4. The electoral college. I am so over this vestige of our agrarian past. Battleground states? Pshaw. Every voter should have a battleground vote.

Candidates for national office should conduct national campaigns. They should make their case for the presidency directly to the people of all 50 states, not 12.

Every vote should matter and count the same. Whoever gets the most votes should win. Isn't that the definition of an election?

5. "President" Bush. Neither I nor the country or world is close to over the massive hemorrhage of statesmanship that has been the Bush II presidency. Nor am I over the fact that every day this idiot remains in the White House is an affront to all Americans regardless of their political views. But him personally? Over him. Next.

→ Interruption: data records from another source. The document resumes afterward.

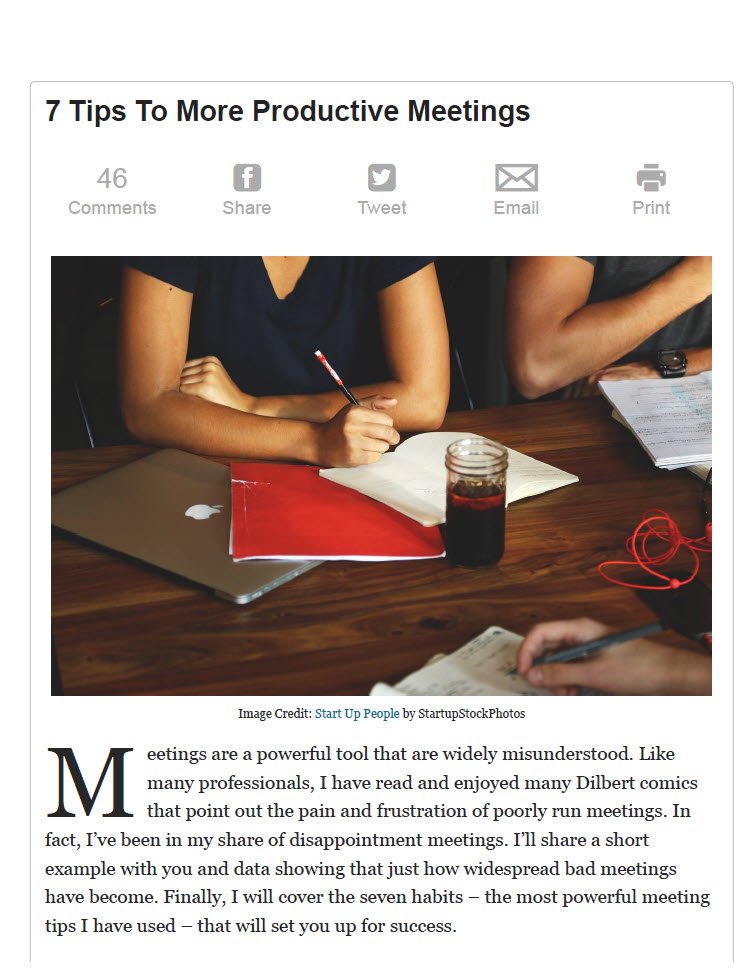 7 Tips To More Productive Meetings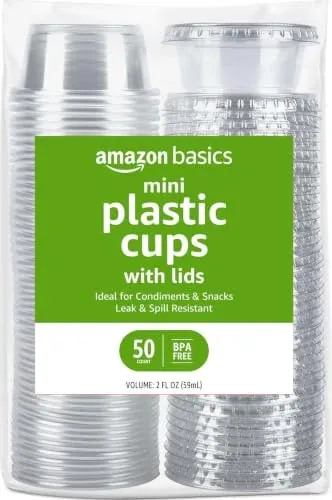Amazon Basics Disposable Plastic To-Go Cups and Lids 200-Count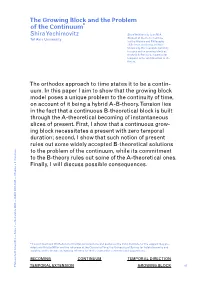 The Growing Block and the Problem of the Continuum Shira Yechimovitz *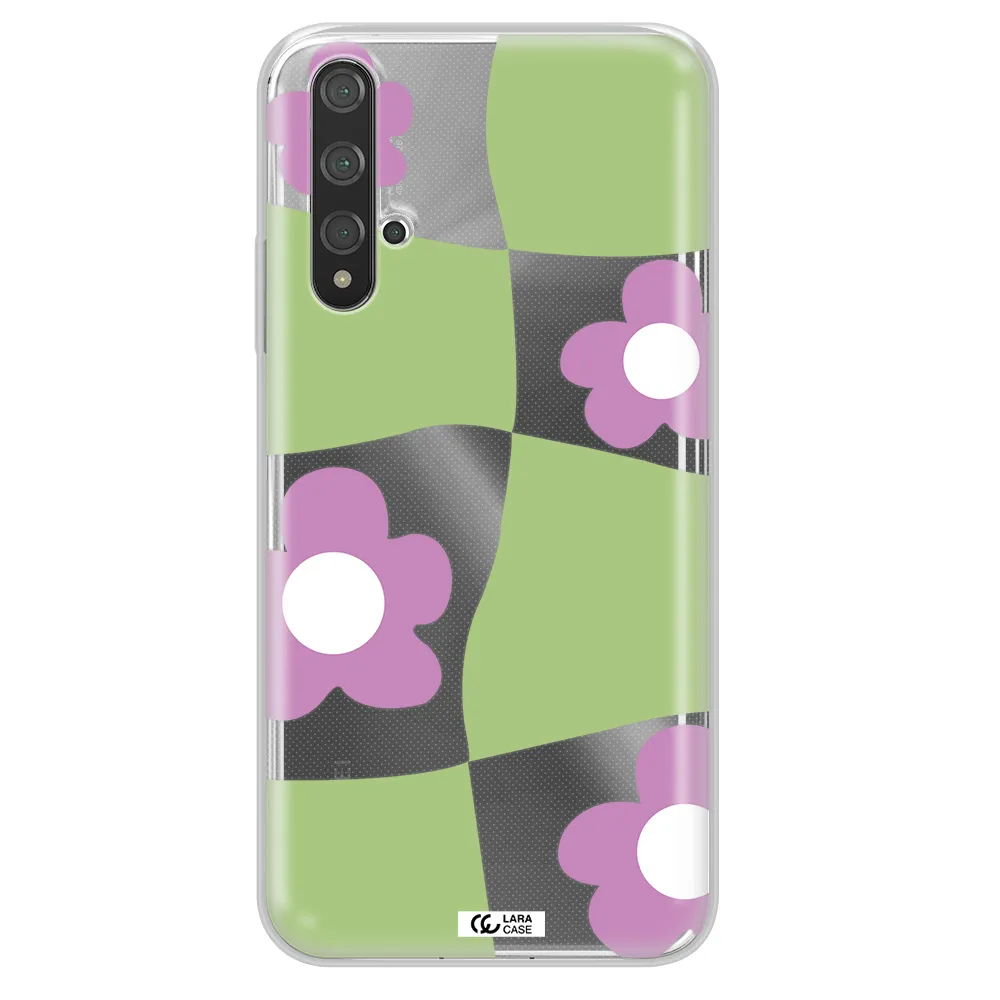 Five Petal Purple Flower Huawei Nova 5t Clear TPU Case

6. The endless election season. If only it were just a season. It's been dragging on for what feels like eleven years. Over it. Can we have the election tomorrow?

We've known the names of both presumptive nominees for a month now. With their radically divergent worldviews, the average thinking adult should have little trouble deciding between them. Anyone still undecided should wake up, open a newspaper and make up their mind.

As my friend Goldie said, "Basically, I'm checking out until election day. Voting for Obama. And then hopefully checking out again." Hard to feel differently at this point.

7. The election process circa 2008. The need to amass a huge war chest two years before the election; the states' leapfrogging each other to ever-earlier caucus and primary dates; Super-Duper Tuesday, whose pernicious effects cannot be absolved by a cute nickname.

Enough already. The system badly needs an overhaul.

8. Bloggers. Angry loudmouths who rant about sports and politics on their websites as if anyone else cares. Over them.

1 comment:

Anonymous said...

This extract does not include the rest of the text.